How to find <tag> to </tag> HTML strings and 'save' them?

mark · Mar 25, 2007

Hi All,

Apologies for the newbie question but I've searched and tried all
sorts for a few days and I'm pulling my hair out ;[

I have a 'reference' HTML file and a 'test' HTML file from which I
need to pull 10 strings, all of which are contained within <h2> tags,
e.g.:
<h2 class=r><a href="http://www.someplace.com/">Go Someplace</a></h2>

Once I've found the 10 I'd like to write them to another 'results'
html file. Perhaps a 'reference results' and a 'test results' file.

From where I would then like to 'diff' the results to see if they

match.

Here's the rub: I cannot find a way to pull those 10 strings so I can
save them to the results pages.
Can anyone please suggest how this can be done?

I've tried allsorts but I've been learning Python for 1 week and just
don't know enough to mod example scripts it seems. don't even get me
started on python docs.. ayaa ;] Please feel free to teach me to suck
eggs because it's all new to me

Thanks in advance,

Mark.

Michael Bentley · Mar 25, 2007

don't even get me
started on python docs.. ayaa ;]

ok, try getting started with this then: http://www.crummy.com/
software/BeautifulSoup/

Jorge Godoy · Mar 25, 2007

Hi All,

Apologies for the newbie question but I've searched and tried all
sorts for a few days and I'm pulling my hair out ;[

I have a 'reference' HTML file and a 'test' HTML file from which I
need to pull 10 strings, all of which are contained within <h2> tags,
e.g.:
<h2 class=r><a href="http://www.someplace.com/">Go Someplace</a></h2>

Once I've found the 10 I'd like to write them to another 'results'
html file. Perhaps a 'reference results' and a 'test results' file.

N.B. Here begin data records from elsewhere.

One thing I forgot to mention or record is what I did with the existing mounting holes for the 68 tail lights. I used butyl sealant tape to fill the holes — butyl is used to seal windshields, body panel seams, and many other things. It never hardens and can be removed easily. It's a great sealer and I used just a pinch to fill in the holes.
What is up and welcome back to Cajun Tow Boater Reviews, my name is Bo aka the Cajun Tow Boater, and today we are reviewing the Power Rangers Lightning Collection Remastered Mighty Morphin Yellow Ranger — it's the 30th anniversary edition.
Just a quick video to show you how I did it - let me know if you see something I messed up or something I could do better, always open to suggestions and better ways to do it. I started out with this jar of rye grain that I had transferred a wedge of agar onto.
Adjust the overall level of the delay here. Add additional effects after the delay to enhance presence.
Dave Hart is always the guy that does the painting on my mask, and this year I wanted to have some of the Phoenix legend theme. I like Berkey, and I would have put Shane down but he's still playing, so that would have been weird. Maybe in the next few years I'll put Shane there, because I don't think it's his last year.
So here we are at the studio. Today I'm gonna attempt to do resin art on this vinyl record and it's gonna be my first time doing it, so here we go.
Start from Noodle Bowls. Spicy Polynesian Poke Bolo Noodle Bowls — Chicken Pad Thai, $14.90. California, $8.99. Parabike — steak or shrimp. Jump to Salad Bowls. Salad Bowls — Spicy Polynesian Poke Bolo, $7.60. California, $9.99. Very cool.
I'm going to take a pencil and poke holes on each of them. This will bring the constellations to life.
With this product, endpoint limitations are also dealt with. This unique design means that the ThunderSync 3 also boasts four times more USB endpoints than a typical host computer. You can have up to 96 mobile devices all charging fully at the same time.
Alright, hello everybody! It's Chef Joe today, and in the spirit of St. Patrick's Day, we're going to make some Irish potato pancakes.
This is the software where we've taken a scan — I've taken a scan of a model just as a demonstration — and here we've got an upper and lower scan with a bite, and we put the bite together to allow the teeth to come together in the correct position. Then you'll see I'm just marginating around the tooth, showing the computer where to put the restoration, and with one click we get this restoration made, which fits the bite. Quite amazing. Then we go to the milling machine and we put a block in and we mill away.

From where I would then like to 'diff' the results to see if they

Click to expand...

match.

Here's the rub: I cannot find a way to pull those 10 strings so I can
save them to the results pages.
Can anyone please suggest how this can be done?

I've tried allsorts but I've been learning Python for 1 week and just
don't know enough to mod example scripts it seems. don't even get me
started on python docs.. ayaa ;] Please feel free to teach me to suck
eggs because it's all new to me

Thanks in advance,

Mark.

Take a look at BeautifulSoup. It is easy to use and works well with some
malformed HTML that you might find ahead.

mark · Mar 25, 2007

Great, thanks so much for posting that. It's worked a treat and I'm
getting HTML files with the list of h2 tags I was looking for. Here's
the code just to share, what a relief

:
................................
from BeautifulSoup import BeautifulSoup
import re

page = open("soup_test/tomatoandcream.html", 'r')
soup = BeautifulSoup(page)

myTagSearch = str(soup.findAll('h2'))

myFile = open('Soup_Results.html', 'w')
myFile.write(myTagSearch)
myFile.close()

del myTagSearch
................................

I do have two other small queries that I wonder if anyone can help
with.

Firstly, I'm getting the following character: "[" at the start, "]" at
the end of the code. Along with "," in between each tag line listing.
This seems like normal behaviour but I can't find the way to strip
them out.

There's an example of stripping comments and I understand the example,
but what's the *reference* to the above '[', ']' and ',' elements?
for the comma I tried:
soup.find(text=",").replaceWith("")

but that throws this error:
AttributeError: 'NoneType' object has no attribute 'replaceWith'

Again working with the 'Removing Elements' example I tried:
soup = BeautifulSoup("you are a banana, banana, banana")
a = str(",")
comments = soup.findAll(text=",")
[",".extract() for "," in comments]
But if I'm doing 'import beautifulSoup' this give me a "soup =
BeautifulSoup("you are a banana, banana, banana")
TypeError: 'module' object is not callable" error, "import
beautifulSoup from BeautifulSoup" does nothing

Secondly, in the above working code that is just pulling the h2 tags -
how the blazes do I 'prettify' before writing to the file?

Thanks in advance!

Mark.

...................

[email protected] said:
[email protected] said:

Hi All,

Click to expand...

Apologies for the newbie question but I've searched and tried all
sorts for a few days and I'm pulling my hair out ;[

Click to expand...

I have a 'reference' HTML file and a 'test' HTML file from which I
need to pull 10 strings, all of which are contained within <h2> tags,
e.g.:
<h2 class=r><a href="http://www.someplace.com/">Go Someplace</a></h2>

Click to expand...

Once I've found the 10 I'd like to write them to another 'results'
html file. Perhaps a 'reference results' and a 'test results' file.

Here's the rub: I cannot find a way to pull those 10 strings so I can
save them to the results pages.
Can anyone please suggest how this can be done?

Click to expand...

I've tried allsorts but I've been learning Python for 1 week and just
don't know enough to mod example scripts it seems. don't even get me
started on python docs.. ayaa ;] Please feel free to teach me to suck
eggs because it's all new to me

Click to expand...

Thanks in advance,

Click to expand...

Mark.

Click to expand...

Take a look at BeautifulSoup. It is easy to use and works well with some
malformed HTML that you might find ahead.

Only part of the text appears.